Kepatuhan individu umat kepada ahli agama yang terbukti kompeten mengharuskannya mengambil beberapa keputusan logis sebagai berikut:

  1. Memahami esensi kompetensi dan urgensinya. Dengan kata lain, tidak menjadikan selain kompetensi sebagai asas tindakan demi mengobati penyakit yang dideritanya, seperti asas kedekatan personal, harga murah dan lainnya kecuali dijadikan sebagai asas penunjang bagi asas kompetensi;
  2. Menerima konsekuensi dari esensi dan urgensi kompetensi. Dengan kata tidak lagi meragukan kompetensinya meski belum tentu produk ajaran agana yang disimpulkannya tepat atau sesuai kehendak Tuhan dan Nabj di balik teks yang dipelajarinya, apalagi ikut memberikan saran pandangan hukum kepadanya tanpa bekal pengetahuan;
  3. Mengambil langkah dan bertindak sesuai asas kompetensi. Dengan kata lain, mengambil tindakan yang dapat menjamin kemungkinan terbesar bagi pelaksanaan ajaran agama sesuai asas kompetensi.

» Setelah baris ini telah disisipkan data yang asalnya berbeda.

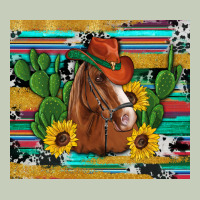 Western Horse Cowboy Hat Cactus Sunflowers Glitter Cowhide Serape Turq Ladies Tee | Teevron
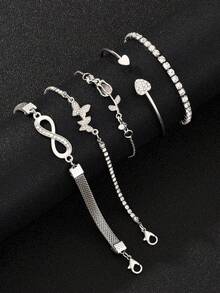 5pcs Fashionable, Simple, Delicate, Elegant Butterfly, Heart, Flower, Tulip, Water Droplet Shaped Rhinestone Encrusted, Sparkling 8-Infinity Sign Hook Bracelet And Chain Bracelet Set For Holidays, Parties, Dates, Gifts, And Daily Wear Valentines,Mom,Mother,Mother's Day,Gift - Five-piece Bracelet Set - View 9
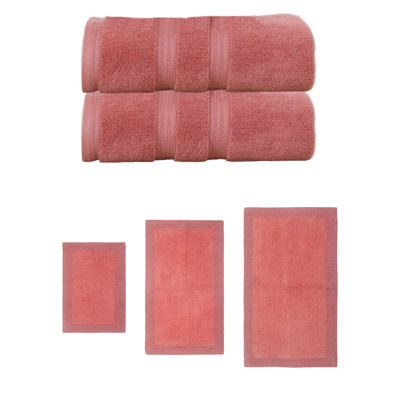 Ensemble de serviettes de bain 100% coton doux 2 pièces Buariki et ensemble de tapis de bain 3 pièces (ensemble de 5) réversible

  4. Memastikan kompetensi sebagai sesuatu yang gradual. Dengan kata lain, mencari dan menentukan ahli agama yang paling unggul dalam kompetensi demi menjamin kemungkinan terlaksananya ajaran agama secara benar sesuai prosedur yang ditetapkan rasio atau agama atau disepakati para agamawan.